Minha mãe era para ser Miguel, ao nascer menina estabeleceu-se Miguelina, para o mundo e Neca, para os íntimos. Era espírita, altamente romântica; foi de um grupo de danças flamencas em outra vida e isso era absolutamente claro para ela. À noite via, projetada na parede do quarto, pessoas dançando em grupo e com castanholas. Miguelina-Miguel-Espanha era de um romantismo quase ingênuo e era de duas vidas; uma como representação e outra como vontade. Assim como a personagem de Cecília (Mia Farrow) de A Rosa Púrpura do Cairo (Woody Allen) que tinha um marido bêbado e violento (mundo da representação), a personagem era apaixonada pelo personagem do filme (mundo da vontade), o oposto de seu marido. Cecília tinha uma vida e amava outra. Neca era fascinada pelos filmes musicais, tal qual foi sua vida anterior. Enacantava-se por Fred Astaire-Gene Kelly-Cyd Charisse-Ginger Rogers. O mundo da vontade de Neca-Miguelina-espanhola era de cores e de coração, era iluminado pela magia e arte que lhe faltava no mundo da representação. A dança de Neca era com seus seis filhos e limpando a casa, fazendo almoço, cuidando de meu pai como se mais um filho fosse.
Ela-miguelina-espanhola, ao contrário de Neca semialfabetizada, deve ter tido acesso a Miguel de Cervantes e seu Don Quixote, um herói romântico-sonhador-corajoso que vê a beleza no que a maioria não vê, aquele que consegue transformar a realidade em beleza. Talvez tenha lido as histórias de Simbad-Ali Babá-Aladim que Sherazade contava ao sultão Shahyar nas Mil e Uma Noites. Talvez, ainda, tenha admirado Henry David-Thoreau na obra Walden ou a Vida nos Bosques onde, numa simples cabana às margens de um lago em Massachussetts aprendeu a contemplar a simplicidade das coisas e estabeleceu: o homem é rico na medida do número de coisas de que é capaz de abrir mão.
Domingo, o musical La La Land concorre ao Oscar.
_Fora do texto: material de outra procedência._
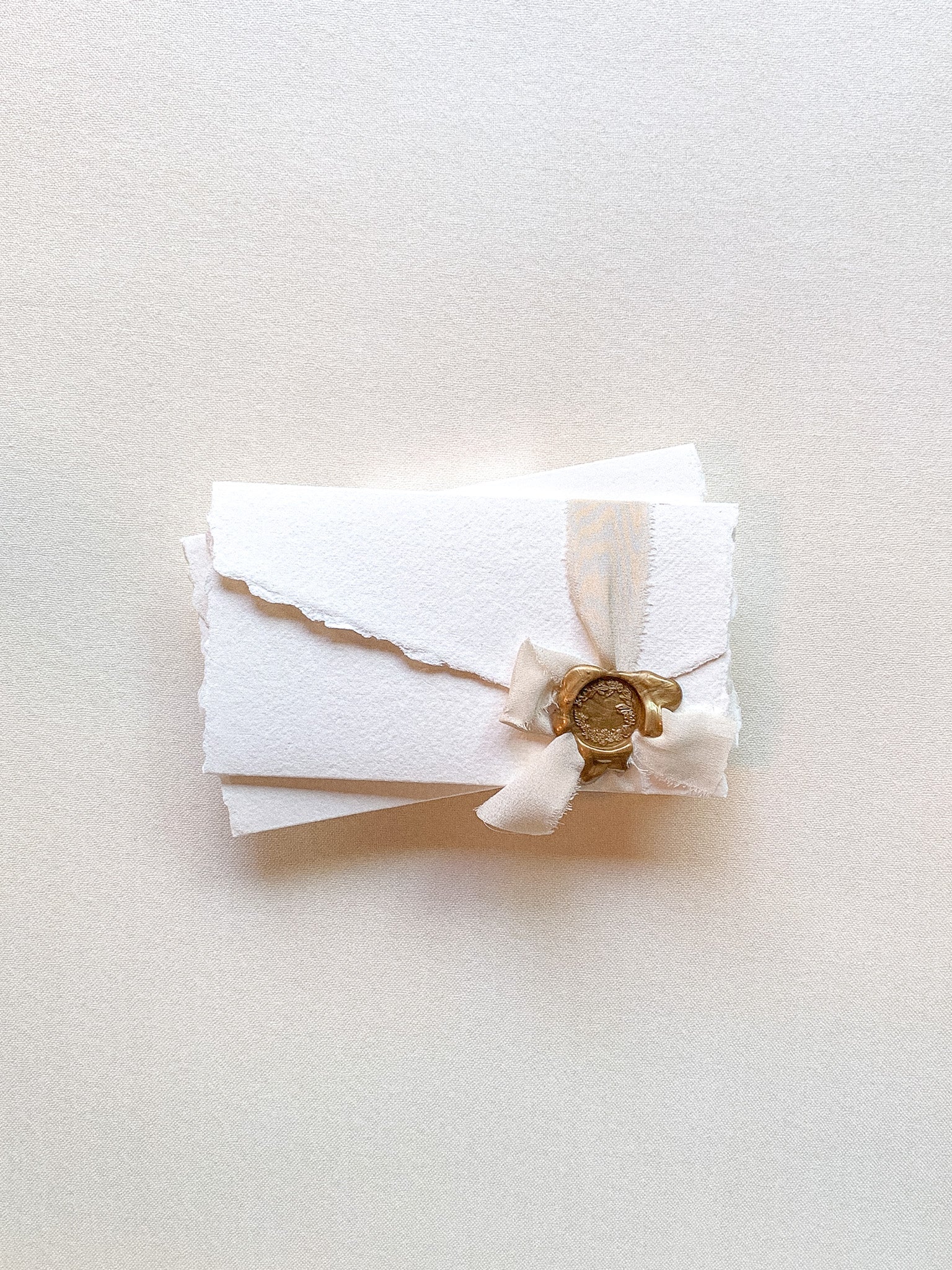 Handmade paper with silk ribbon and wax seal stamp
É um musical de sapateado, é um mundo de vontade. Minha mãe torceria fervorosamente para ele, em respeito aos velhos tempos. Ah, minha velha, tantas coisas tinhas a me ensinar! De repente, veio-o me Neca, visitar meu mundo da vontade. Aí, aquelas coisas de sempre: garganta apertada, olhos marejados, opressão torácica, coisas de filho.
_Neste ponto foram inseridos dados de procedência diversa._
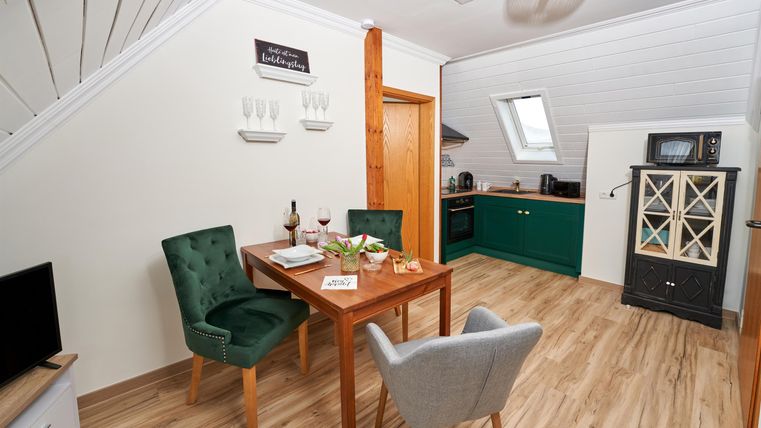 A cozy living kitchen with a dining table and two chairs. The walls are bright, and the kitchen has green accents.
Quando ela foi enterrada, naquele sábado, fui trabalhar como palestrante na casa André Luís. Foi em homenagem a ela e a um filme que ela descreveu sobre a primeira grande guerra: um maquinista tem seus cinco filhos levados à luta. Sabedor que um deles morreria em combate recebeu meses depois em sua casa, ele e a esposa, um oficial com a bandeira do país e uma caixa de medalhas. Perguntou ao oficial: quem deles? O oficial respondeu: infelizmente todos. Depois de recomposto o velho ferroviário disse à esposa que iria trabalhar porque nunca havia faltado ao serviço por qualquer motivo. Ao manobrar a máquina e os vagões vislumbrou seus meninos-crianças a acenar ao velho pai no velho local de costume. E, então, coisas de pai: garganta apertada, olhos marejados e insuportável opressão no tórax, era o mundo da representação manifestado e que, naquele momento suplantava o mundo metafísico. Te amo, velha Neca, na vontade e na representação, saudade de dançar e cantar contigo.